Static Power Analysis and Estimation in Ternary Content Addressable Memory Cells

Ternary CAM (Content Addressable Memory) circuits are predominantly used in current generation network routers and switches. Fast IP (Internet Protocol) data transfer requirements have lead to the increase in usage of TCAM cells for bit-searches. To improve the speed of the CMOS circuits, transistors are being scaled down to nanoscale regime. At such small geometries transistors dissipate significant leakage power in static mode. Consequentially the leakage power consumed by these circuits is an emerging design constraint. In this paper, we analyze the static leakage power components in a TCAM cell and explore four different implementations of the TCAM cell to identify the best model.
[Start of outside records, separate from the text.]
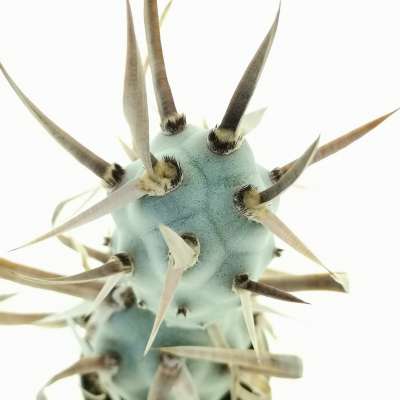 Tephrocactus articulatus var. papyracanthus - Giromagi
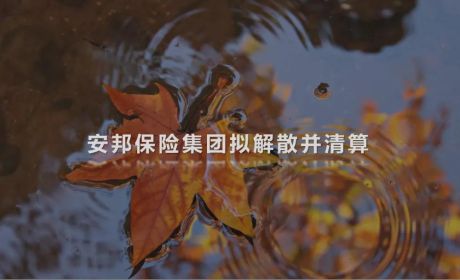 去年6亿理赔，不散买卖！不散交情！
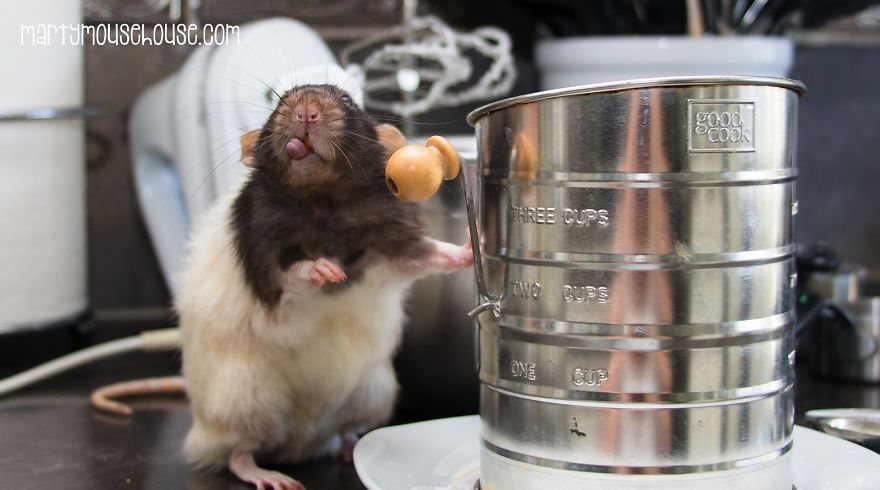 This Adorable Rat Chef Will Help You Make Cookies! This Adorable Rat Chef Will Help You Make Cookies!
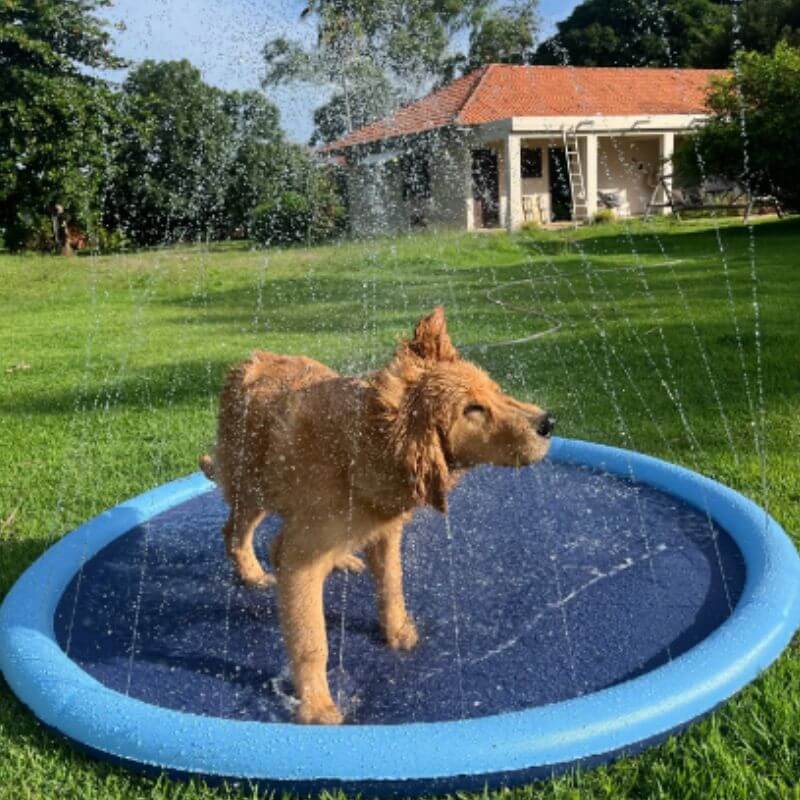 Piscina Jato de Água para Pets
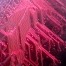 10  micron wide and deep channels in Cyclic Olefin Copolymer (COC).  This material is ideal for applications related to biotech and microfluidics.  We have the capability to produce parts quickly and cost effectively.  Send us your design today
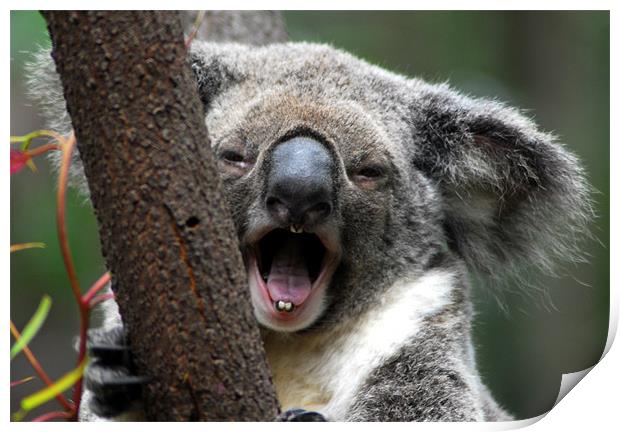 Koala yawn Print by Lisa Shotton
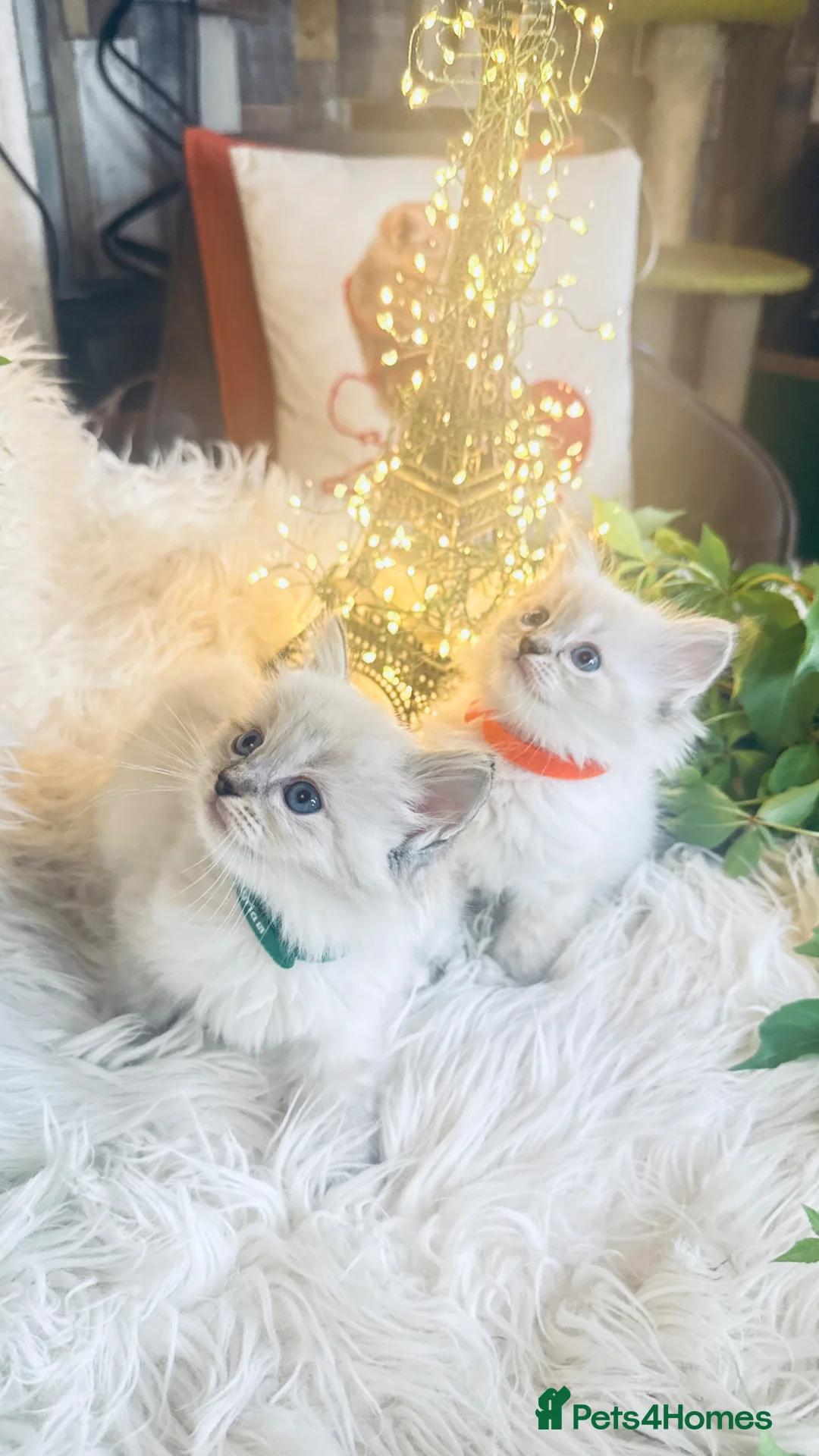 Ragdoll cats for sale: Pure Sealpoint / Bluepoint Mitted Lynx Ragdoll  - Advert 1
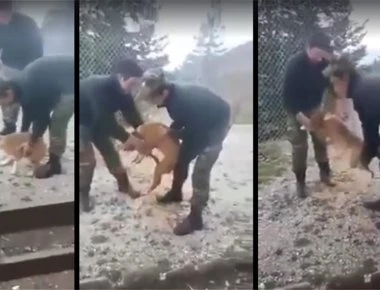 Ποινή φυλάκισης 10 ετών αποφάσισε το δικαστήριο για τους δύο στρατιώτες που είχαν κακοποιήσει σκύλο (φωτο)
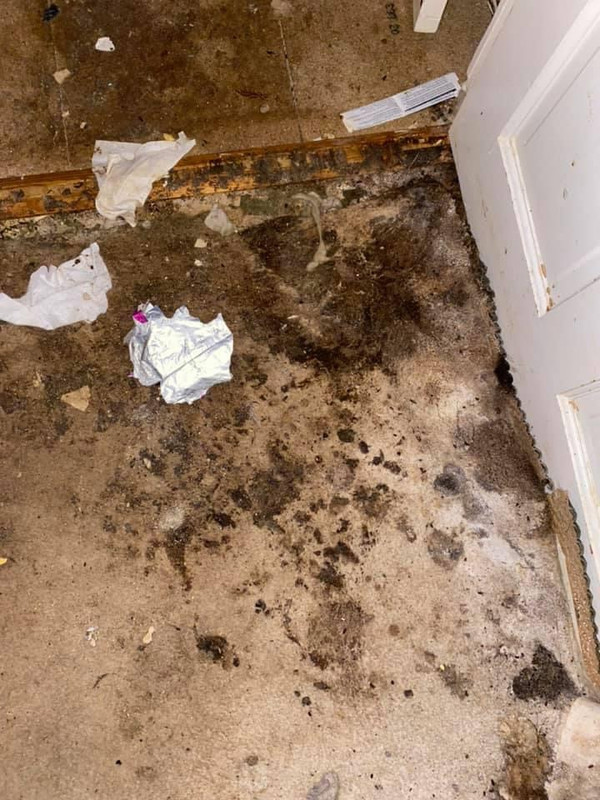 5715410C-CD7B-43AE-B462-19FA0D84FB55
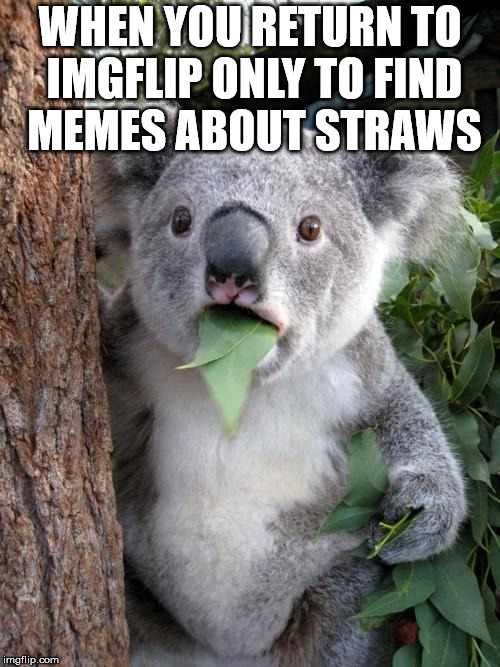 What did i miss about straws? |  WHEN YOU RETURN TO IMGFLIP ONLY TO FIND MEMES ABOUT STRAWS | image tagged in memes,surprised koala,straw,straws,california | made w/ Imgflip meme maker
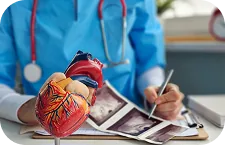 An anatomical model of the human heart and cardiology results on a doctor's desk, a private polyclinic in Belgrade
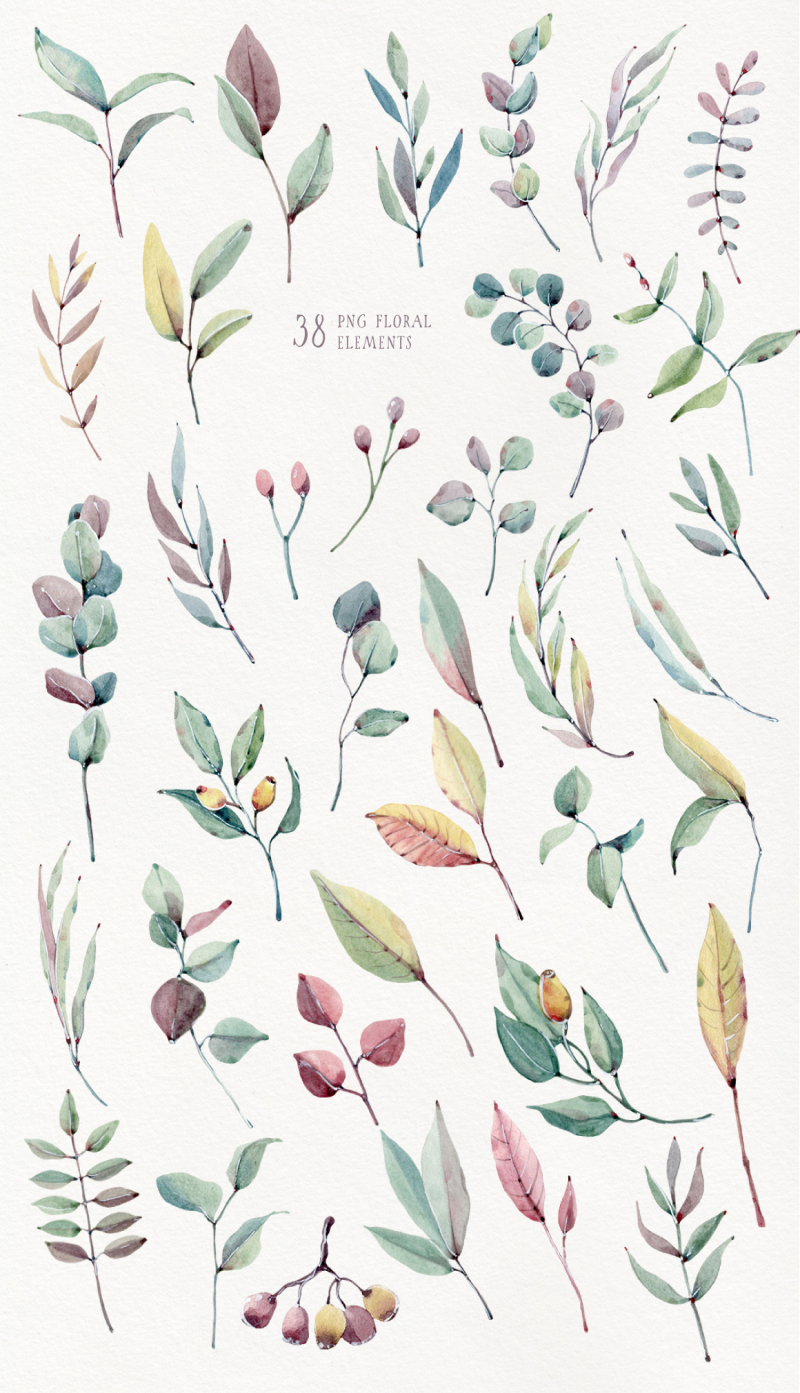 august-foliage-watercolor-set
Each of the TCAM cell designs was prototyped in MAGIC and the parasitics were extracted to perform the SPICE simulations (for 65 nm and 45 nm). We analyze the different components that are contributors to the leakage current in a TCAM cell and propose an ad-hoc approach to estimate the overall leakage current in the TCAM. The results using the ad-hoc approach are within a variance of 3.2%-7.3% of the expected norm. The TCAM cells using NOR compare circuitry proved to consume less static leakage current than the NAND based circuits. The Hybrid NAND-NOR match line (ML) TCAM proved the most leakage efficient of the four cells. We also implemented a combination of high and low threshold voltage devices in each of the TCAM models. Using high threshold voltage devices as access transistors and low threshold voltage devices as drive transistors curbed the leakage current.